(In the previous post, Part 4, we covered Compression and Bloom Filters)
In this blog post, we continue on our series of exploring MyRocks mechanics by looking at the configurable server variables and column family options. In our last post, I explained at a high level how compression and bloom filtering are applied to data files as they are initially flushed from immutable memtables and are subsequently passed through the compaction process. With that being covered, we should now have a clear understanding as to how data writing works in MyRocks and can start reviewing how data read requests are handled.
The Read Process
Let’s start off by talking about how read processes are handled at the file level. When a read request comes in, the first thing it needs to do is pull the data into memory – the block cache specifically – if it’s not already there. Assuming the data is not already available in the block cache, this is the point where a read from write-based sources will occur starting with memtables and then disk.

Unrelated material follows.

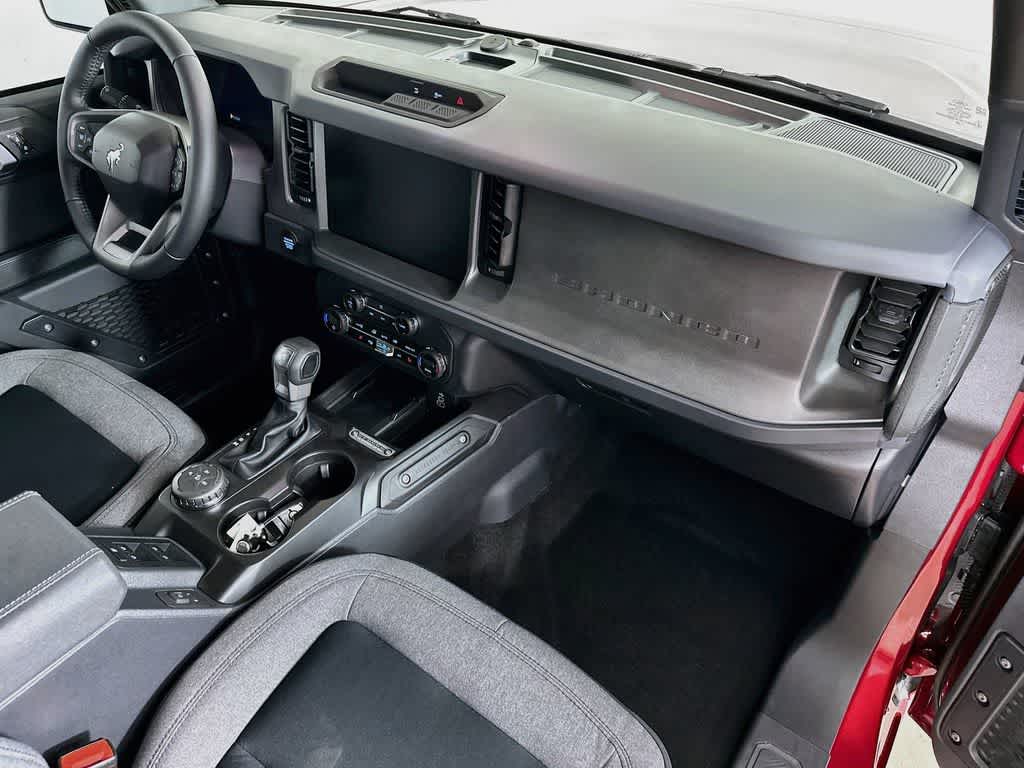 Ford Bronco Big Bend 2026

For disk lookups, the process is going to start at the top-most (L0) compaction layer. Given what we’ve covered about compaction, we know that this is where we’ll find the newest version of the data record. Additional lookups will be performed on each compaction layer from top to bottom as needed until the record is found.
With the exception of L0, each compaction layer will have non-overlapping data files in sequence. Each file will be able to designate the upper and lower boundaries of its key values. So the very first thing a read process is going to do when it’s reading from a compaction layer is determine which file the key resides in, given that upper and lower boundary. There are also built-in pointers in the SST files that can be used to speed up the candidate file selection process that you can read about here.

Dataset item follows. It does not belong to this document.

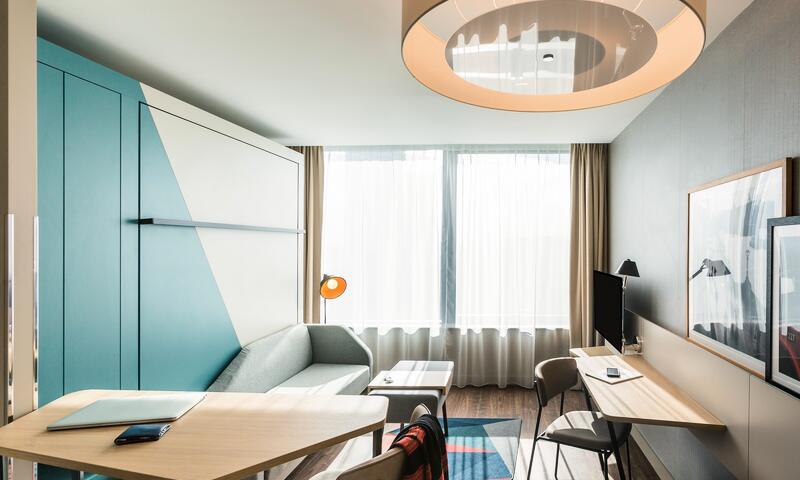 Aparthotel Adagio London Stratford **** - Londres - 7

Once a candidate data file has been established based on the key range, its bloom filter data (filter pages) will be pulled into memory, assuming that bloom filtering is enabled, caching for filter pages is enabled, and the filter pages in question are not already in the cache. If caching is not enabled, the bloom filter data will be read directly from the file without caching. The key value will be hashed and checked against the bloom filter to determine if the key value is in the data file. If bloom filtering shows that the key is not in the file, the data file is ignored and the process moves on to the next compaction layer. If bloom filtering shows the data might be in the file (remember, it can’t be 100% sure) or bloom filtering is disabled, it moves onto the next step.
The data file is opened and the top-level index is checked to determine which data block the key can be found in and where that block can be found in the data file. This data block is then pulled into the block cache and then evaluated to determine if the value is present. If not, it will move on to the next compaction layer.
Variables and CF_OPTIONS
Now that we know the basics of how reads work, let’s take a closer look at the mechanics involved and the variables that control them.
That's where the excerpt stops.